Below are the entries to work from; restate word for word the portion that opens with the line containing "Tabla de contingencia" and closes with the line containing "Blue Steel Plate", keeping both.

Task inputs:
'''
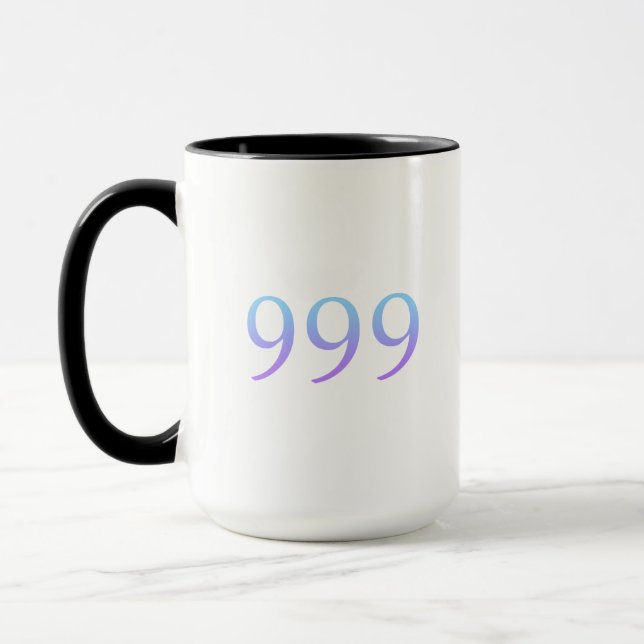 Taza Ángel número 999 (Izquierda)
'''
'''
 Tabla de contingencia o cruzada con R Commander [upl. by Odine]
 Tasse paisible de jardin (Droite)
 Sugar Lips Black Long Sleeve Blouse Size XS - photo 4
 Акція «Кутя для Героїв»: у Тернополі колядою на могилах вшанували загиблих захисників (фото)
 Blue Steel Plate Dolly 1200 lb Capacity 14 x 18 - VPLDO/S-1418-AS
'''
Exercise output:
 Tabla de contingencia o cruzada con R Commander [upl. by Odine]
 Tasse paisible de jardin (Droite)
 Sugar Lips Black Long Sleeve Blouse Size XS - photo 4
 Акція «Кутя для Героїв»: у Тернополі колядою на могилах вшанували загиблих захисників (фото)
 Blue Steel Plate Dolly 1200 lb Capacity 14 x 18 - VPLDO/S-1418-AS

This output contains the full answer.